Era su cumpleaños número veintitrés. Sus amigos habían planeado una enorme fiesta, dentro de un par de horas.

Al salir de la facultad, buscó la florería más cercana y manejó hasta el lugar.

A simple vista era un lugar con cierto toque hogareño. Afuera estaba sentada una señora de al rededor unos setenta años.

Cuando estacionó el auto y bajó, la anciana le saludó con una sonrisa, la correspondió al instante y siguió su camino dentro, haciendo sonar una campanita al abrir la puerta.

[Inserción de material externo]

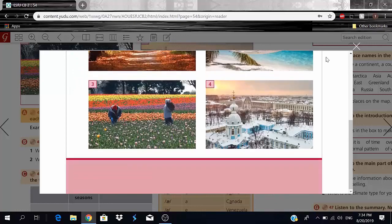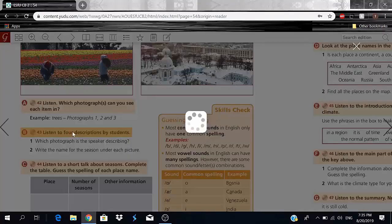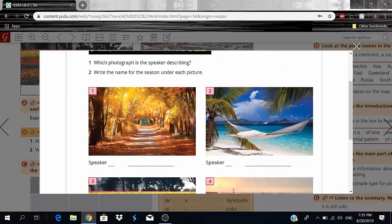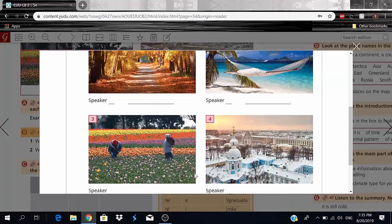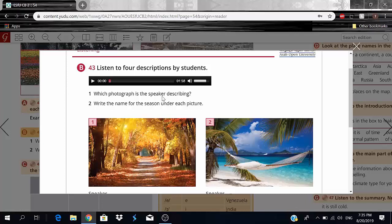Now let's move on to Exercise B: listen to four descriptions by students. We're going to have four different speakers, each describing a photograph, and we need to number which speaker is talking about which photograph. After that, we'll write the name of the season under each picture.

Todo estaba ordenado. Habían cientos de flores y el aroma era delicioso y fresco.

Bienvenido, ¿busca algo en especial?

Y sólo eso bastó para sentir caer dentro de un remolino desastroso, y hermoso.

Jay

Dicen que se necesitan tres meses para enamorarse de alguien.

Yo sólo necesité tres semanas.

Iba cada día a la florería. Saludaba a la anciana que siempre estaba sentada afuera, que ahora sabía era dueña del lugar y abuela de él chico de ojos bonitos.

La campanita sonó y unos brazos se aferraron a mi cuerpo.

Charlabamos durante horas, ya sabía el significado de varias flores y cuentos inspirados en otras.

Mi chico, a pesar de tener 19 años, me tenía en sus manos.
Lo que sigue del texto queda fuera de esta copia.